Sure. But how do you find the DOI itself? Will it be everything up to the next space?

kewms · November 21, 2021, 8:29pm

Probably.

cgrunenberg · November 22, 2021, 10:27am

Smart rules & batch processing (see Digital Object Identifier placeholder) and AppleScript (see digital object identifier property) might be able to retrieve and use the DOI. E.g. this works for the doi_handout.pdf.

maikbode · November 24, 2021, 8:45am

This might be a bit off-topic, but still relevant if you would want to extract DOI automatically from any pdf: As I am working with Bookends and its somewhat awesome import-function I noticed two problems that might still be relevant for automatic processing in DT.

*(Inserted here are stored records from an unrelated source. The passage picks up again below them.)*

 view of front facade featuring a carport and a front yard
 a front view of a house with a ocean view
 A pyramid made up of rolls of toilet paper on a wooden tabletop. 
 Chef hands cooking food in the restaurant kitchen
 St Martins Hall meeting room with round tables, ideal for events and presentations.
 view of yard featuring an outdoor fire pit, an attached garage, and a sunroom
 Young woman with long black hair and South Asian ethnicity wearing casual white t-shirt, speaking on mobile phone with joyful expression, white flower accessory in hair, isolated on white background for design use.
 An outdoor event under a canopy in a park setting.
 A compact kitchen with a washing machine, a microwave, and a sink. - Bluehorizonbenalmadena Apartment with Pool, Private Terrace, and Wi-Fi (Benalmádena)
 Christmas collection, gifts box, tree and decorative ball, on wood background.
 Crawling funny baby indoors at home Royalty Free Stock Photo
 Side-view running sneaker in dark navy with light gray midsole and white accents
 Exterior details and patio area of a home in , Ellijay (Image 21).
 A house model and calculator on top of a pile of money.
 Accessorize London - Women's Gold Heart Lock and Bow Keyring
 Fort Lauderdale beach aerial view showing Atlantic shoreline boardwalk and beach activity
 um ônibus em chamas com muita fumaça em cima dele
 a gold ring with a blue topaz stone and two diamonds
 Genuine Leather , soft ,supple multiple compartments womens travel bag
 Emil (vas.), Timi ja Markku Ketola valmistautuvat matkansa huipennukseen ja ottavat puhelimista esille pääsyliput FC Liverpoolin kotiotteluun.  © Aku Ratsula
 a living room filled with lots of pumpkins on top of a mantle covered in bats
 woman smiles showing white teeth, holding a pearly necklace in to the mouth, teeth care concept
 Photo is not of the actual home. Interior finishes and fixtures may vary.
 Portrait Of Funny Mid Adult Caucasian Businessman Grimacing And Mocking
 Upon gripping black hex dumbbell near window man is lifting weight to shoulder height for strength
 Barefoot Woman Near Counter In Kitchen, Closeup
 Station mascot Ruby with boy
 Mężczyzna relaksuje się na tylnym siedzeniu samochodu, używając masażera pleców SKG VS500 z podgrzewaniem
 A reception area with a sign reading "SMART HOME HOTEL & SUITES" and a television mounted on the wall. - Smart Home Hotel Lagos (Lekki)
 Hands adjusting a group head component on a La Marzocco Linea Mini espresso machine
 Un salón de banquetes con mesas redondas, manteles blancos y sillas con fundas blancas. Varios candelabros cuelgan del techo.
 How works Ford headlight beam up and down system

To explain the import-function briefly: If the paper/book etc. has a DOI, Bookends is able to grab that and fill in author/editor names, title, year, page numbers, journal etc. by itself. It then renames the file according to the rule I set up (i. e. from “9781529216097.pdf” to “williams2020.mapping good work.pdf”)

The problems:

Sometimes there is a DOI, but it is not recognized due to the pdf itself. In the last days I had this problem mostly with articles from SAGE pub. If I would select the DOI in the text and copy it manually, it just spits out garbage. This is not a big problem, because the whole mentioned process would simply not happen and I end up with a reference that is titled: . Reference metadata not found online. Then I just manually type in the DOI.
Everything seems to be working fine, Bookends recognizes a DOI, finds the according metadata and processes the paper. But the end result is still garbage. Why? Bookends did not grab the DOI, but another one and finds the according metadata. This can also happen if the paper itself has no DOI, but a DOI from the reference list is grabbed. To be honest, this happens very rarely, but it happens. I am guessing this is also due to how the pdf itself is created (i. e. You highlight a passage and end up highlighting some other text at the other end of the page, too.)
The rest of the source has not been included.